A Dissolution of a Zionist Agreement Within US Jewish Community: What Is Taking Shape Today.

Two years have passed since that mass murder of 7 October 2023, which deeply affected world Jewry like no other occurrence since the establishment of the state of Israel.

Among Jewish people it was shocking. For Israel as a nation, it was deeply humiliating. The whole Zionist endeavor was founded on the assumption that the nation would ensure against similar tragedies from ever happening again.

Some form of retaliation seemed necessary. Yet the chosen course that Israel implemented – the widespread destruction of the Gaza Strip, the killing and maiming of many thousands non-combatants – represented a decision. And this choice made more difficult the perspective of many US Jewish community members grappled with the October 7th events that set it in motion, and it now complicates their observance of the anniversary. In what way can people mourn and commemorate a tragedy targeting their community in the midst of an atrocity experienced by another people attributed to their identity?

The Complexity of Remembrance

The complexity of mourning lies in the fact that no agreement exists regarding what any of this means. In fact, among Jewish Americans, the recent twenty-four months have experienced the breakdown of a half-century-old unity on Zionism itself.

The origins of a Zionist consensus among American Jewry extends as far back as an early twentieth-century publication by the lawyer subsequently appointed Supreme Court judge Louis D. Brandeis named “The Jewish Problem; Addressing the Challenge”. However, the agreement really takes hold subsequent to the six-day war that year.
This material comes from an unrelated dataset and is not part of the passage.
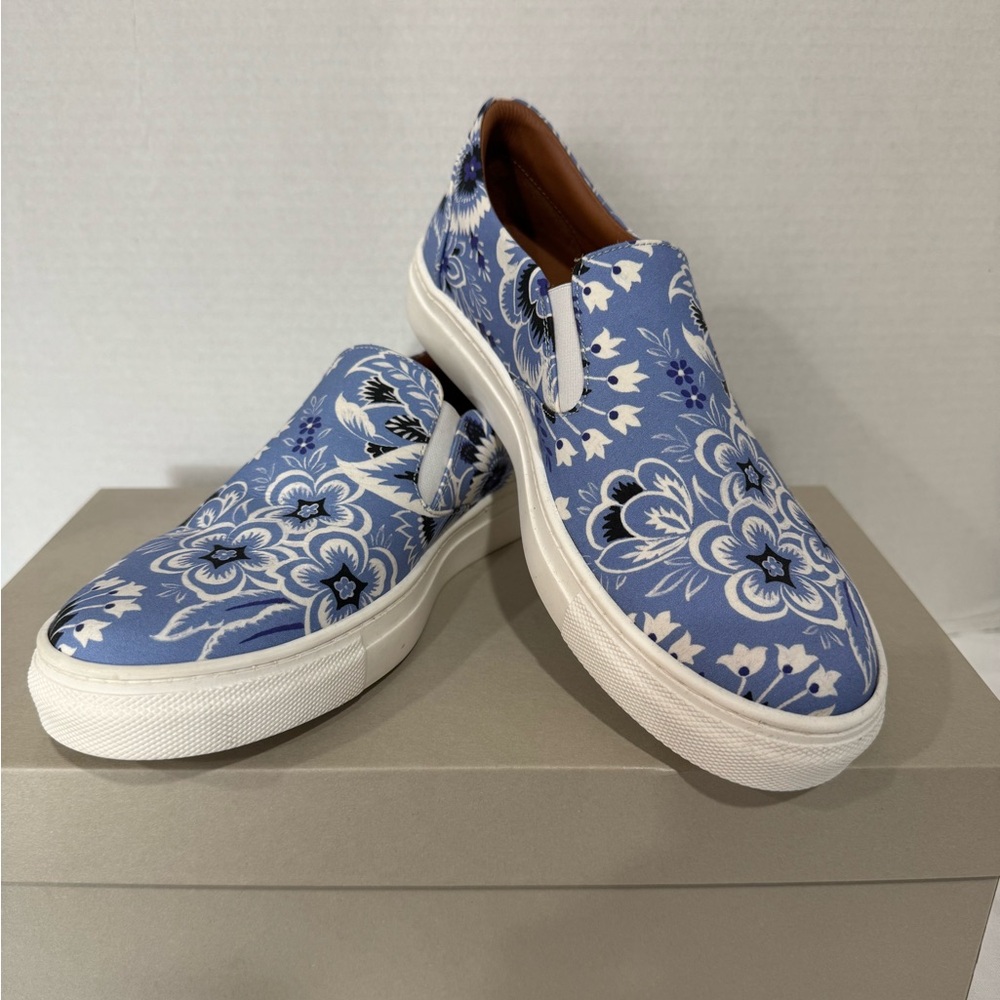 Etro Floral Blue Slip-On Sneakers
Previously, US Jewish communities housed a fragile but stable parallel existence across various segments that had diverse perspectives regarding the need for a Jewish nation – pro-Israel advocates, neutral parties and opponents.

Historical Context

Such cohabitation endured throughout the mid-twentieth century, in remnants of socialist Jewish movements, through the non-aligned Jewish communal organization, among the opposing religious group and similar institutions. In the view of Louis Finkelstein, the head of the Jewish Theological Seminary, the Zionist movement was more spiritual rather than political, and he forbade singing the Israeli national anthem, Hatikvah, at JTS ordinations during that period. Furthermore, support for Israel the central focus within modern Orthodox Judaism until after the six-day war. Alternative Jewish perspectives remained present.

However following Israel defeated adjacent nations in the six-day war in 1967, taking control of areas such as Palestinian territories, Gaza Strip, Golan Heights and Jerusalem's eastern sector, US Jewish relationship to the nation evolved considerably. The military success, coupled with longstanding fears of a “second Holocaust”, produced an increasing conviction in the country’s vital role within Jewish identity, and a source of pride for its strength. Rhetoric regarding the “miraculous” nature of the outcome and the freeing of territory provided the Zionist project a religious, potentially salvific, significance. In that triumphant era, much of the remaining ambivalence about Zionism disappeared. In the early 1970s, Commentary magazine editor Norman Podhoretz declared: “We are all Zionists now.”

The Unity and Restrictions

The unified position left out the ultra-Orthodox – who largely believed a Jewish state should only be ushered in by a traditional rendering of the Messiah – yet included Reform Judaism, Conservative, Modern Orthodox and the majority of non-affiliated Jews. The most popular form of the consensus, later termed left-leaning Zionism, was established on a belief in Israel as a liberal and democratic – albeit ethnocentric – country. Countless Jewish Americans viewed the administration of Palestinian, Syria's and Egypt's territories following the war as temporary, thinking that a solution would soon emerge that would guarantee Jewish population majority in Israel proper and neighbor recognition of the state.

Several cohorts of Jewish Americans were raised with Zionism an essential component of their identity as Jews. The state transformed into a central part within religious instruction. Yom Ha'atzmaut turned into a celebration. Blue and white banners decorated many temples. Summer camps were permeated with national melodies and learning of modern Hebrew, with visitors from Israel instructing American teenagers Israeli customs. Travel to Israel increased and achieved record numbers via educational trips in 1999, when a free trip to the nation became available to US Jewish youth. The nation influenced virtually all areas of US Jewish life.

Changing Dynamics

Paradoxically, throughout these years post-1967, Jewish Americans grew skilled regarding denominational coexistence. Tolerance and dialogue between Jewish denominations expanded.

However regarding Zionism and Israel – that represented pluralism found its boundary. You could be a conservative supporter or a liberal advocate, however endorsement of the nation as a majority-Jewish country was a given, and questioning that narrative positioned you outside the consensus – an “Un-Jew”, as one publication termed it in writing in 2021.

But now, amid of the ruin in Gaza, food shortages, child casualties and outrage over the denial by numerous Jewish individuals who avoid admitting their responsibility, that unity has collapsed. The liberal Zionist “center” {has lost|no longer

Andrew Rodriguez
Andrew Rodriguez

A cloud technology enthusiast with over a decade of experience in IT infrastructure and digital transformation strategies.